Je mange peu et suffisamment tôt pour me sentir légère, mais dynamique, je m’échauffe en musique pour me vider la tête, élever mon tonus et allier souplesse du corps et ancrage au sol, puis je fais des exercices avec ma paille pour m’échauffer la voix en soufflant dedans jusqu’à deux minutes avant d’entrer en scène. L’échauffement de la paille, c’est un truc que j’ai appris quand j’étais à l’École d’acteurs et que pratiquent aussi certains chanteurs lyriques. C’est très efficace pour préserver sa voix, bien égaliser ses registres, etc. Je ne m’en suis jamais séparée. J’ai maintenant une très belle paille en métal décorée d’une pierre offerte par une amie comédienne. Et puis, ça fait toujours rire les collègues d’entendre des sons de vocalises de paille jusque dans les loges ou les coulisses.

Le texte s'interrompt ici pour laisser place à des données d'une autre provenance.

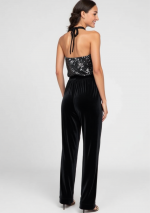 COZA Elegante zwarte jumpsuit met pailletten in stretchstof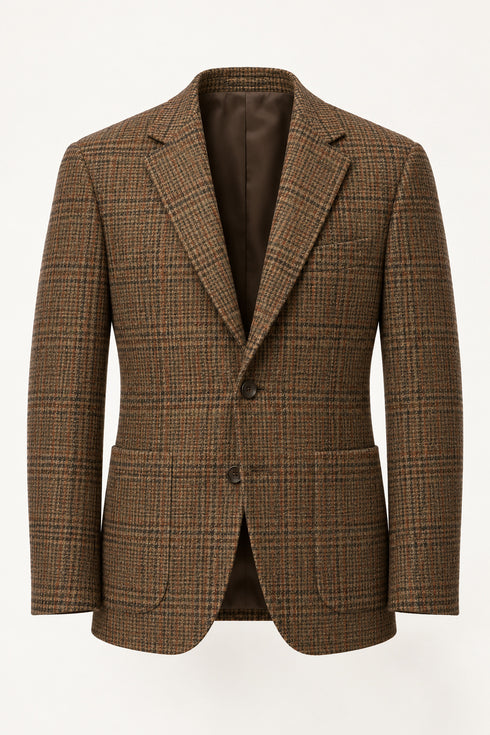 Herbie Frogg Maddox Lambswool Jacket Brown Check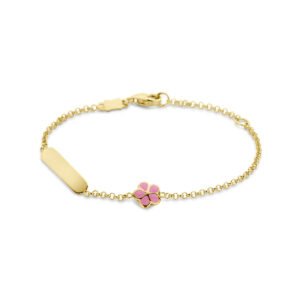 graveerarmband emaille bloem en plaat 1,5 mm 11 - 13 cm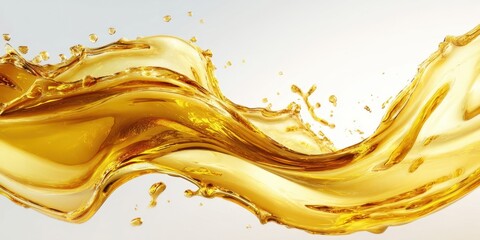 The captivating flow of golden liquid creating a mesmerizing splash effect.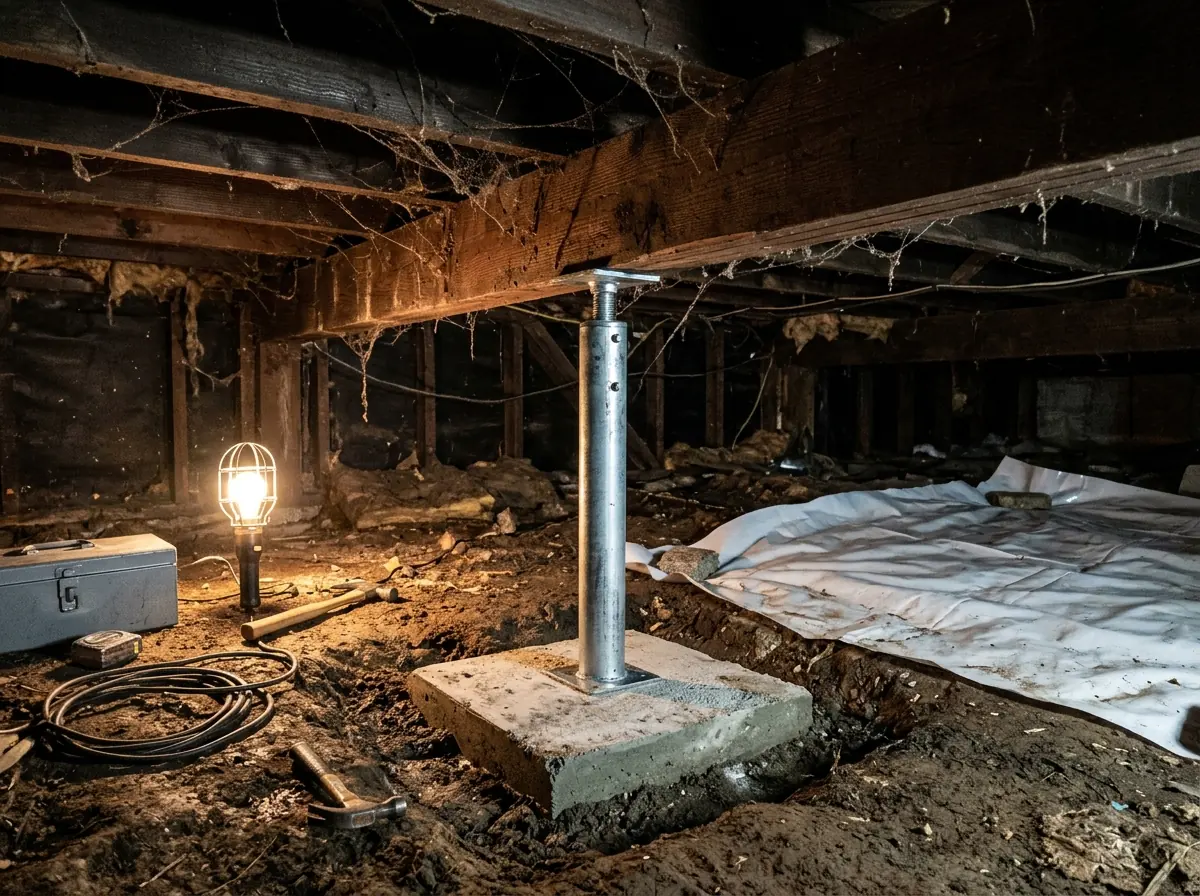 Adjustable steel support post standing on a new concrete pad under a wood girder in a low crawl space, with a white plastic sheet on the ground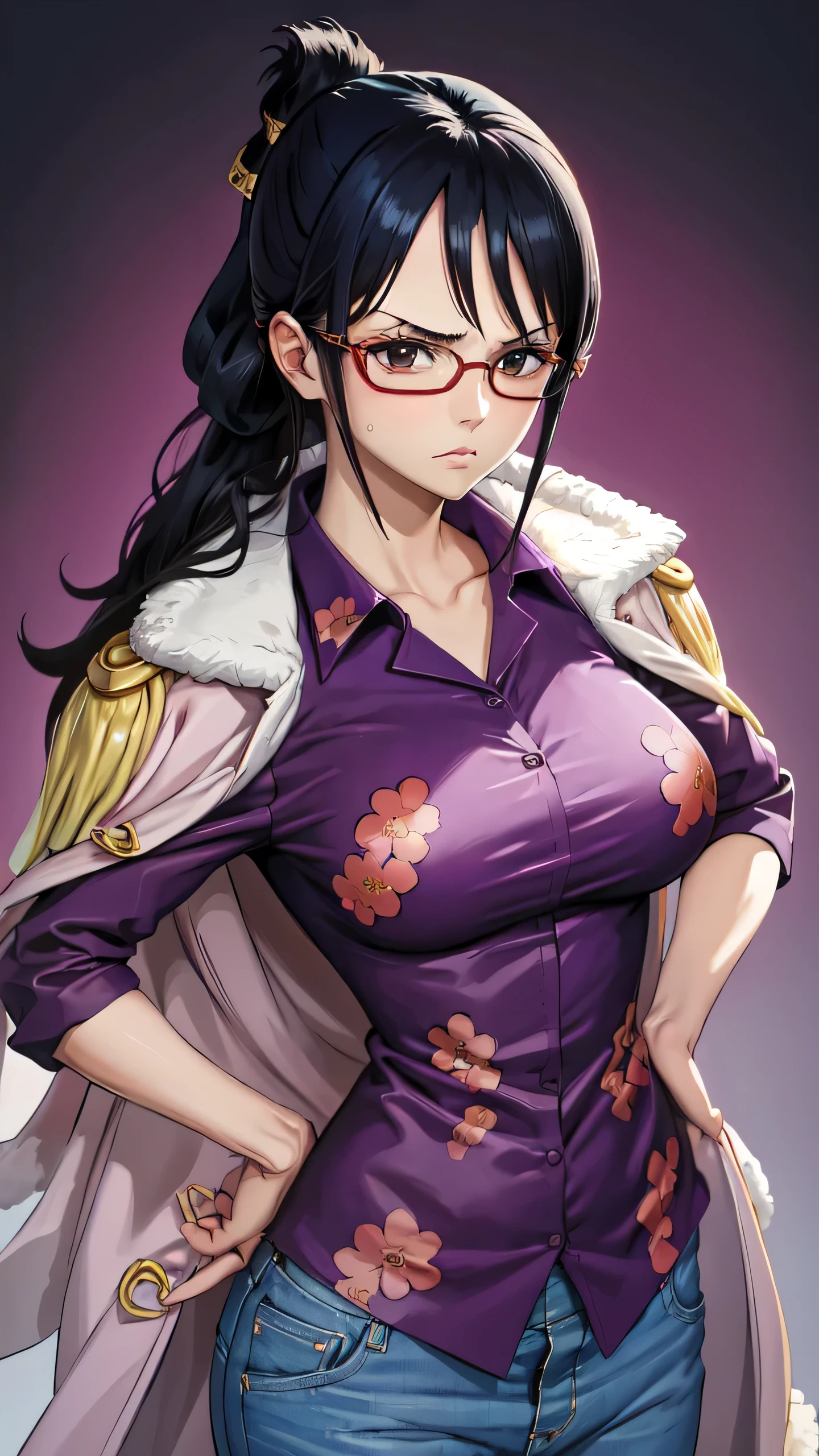 masterpiece, best quality, tashigi, black eyes, folded ponytail, eyewear , coat on shoulders, purple shirt, blue pants, cowboy shot, looking at viewer, hands on hips, large breasts, from above, serious, village 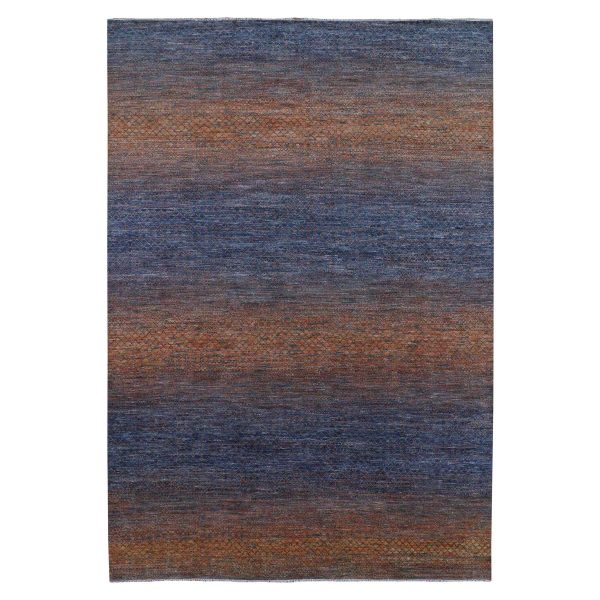 10'x14'5" Orange, Thick and Plush Pure Wool Hand Knotted, Modern Chiaroscuro Collection, Oriental Rug HR79171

Première fois où je me suis dit « je veux faire ce métier ? »
À 4 ans, je voulais être chanteuse d’opéra. J’ai d’abord fait du violon et chanté dans un choeur, mais il me manquait les mots, le texte, le sens. J’adorais lire et j’étais une enfant très bavarde. J’avais même des grandes conversations avec mon lavabo quand la patience de mes proches s’épuisait. Quand j’ai réalisé, vers 7 ans, que le théâtre pouvait réunir ma passion pour la musique et la langue des auteur.ices, et que je pourrais même un jour être payée pour parler et qu’on m’écoute, alors c’est devenu une évidence et même une urgence !
Premier bide ?
Très jeune, à un spectacle de solfège sur le grand plateau de la Scène nationale d’Annecy. Avec un costume flamboyant, je devais courir et sauter dans les bras de plusieurs copains alignés avec leurs mains tendues pour me rattraper en vol sur La Valse des Patineurs. Je cours, je saute et, au dernier moment, ils baissent leurs mains et je me prends un plat monumental, sans douleur, heureusement, mais très honteux. Le public explose de rire. Je ne sais pas comment gérer l’accident, et en coulisse j’entends la prof hyper enthousiaste souffler : « Recommence ! Recommence ! »
Première ovation ?
À la fin de La Fonction de l’orgasme, un spectacle que nous avons co-écrit et co-mis en scène avec Didier Girauldon à partir de l’ouvrage psychanalytique éponyme de Wilhelm Reich, un élève de Freud qui, dans les années 1930, posait l’orgasme comme un projet politique et sociologique, comme un rempart contre toute forme d’extrémisme. Ça a été l’un des spectacles fondateurs de notre travail en binôme au sein de notre compagnie et aussi mon premier monologue comme comédienne.
Premier fou rire ?
Dans La Mort de Danton de Büchner, mis en scène par Ludovic Lagarde au Théâtre de la Ville. Juan Cocho, qui jouait Robespierre, se lance dans son grand monologue épique. Il y avait pas mal d’effets de son, c’était un moment un peu « tendu », très beau, très politique et incarné, et tout à coup, on entend des gens dans le public crier : « On n’entend pas ! On n’entend pas ! ». Ensuite, Laurent Poitrenaux, qui jouait Danton, arrive en scène, et là son pantalon un peu trop grand tombe sur ses mollets, il se retrouve en caleçon. Impossible de garder notre sérieux, on luttait, mais on a vraiment tous eu un fou rire collectif sur scène. Rien que d’y repenser j’en ris encore.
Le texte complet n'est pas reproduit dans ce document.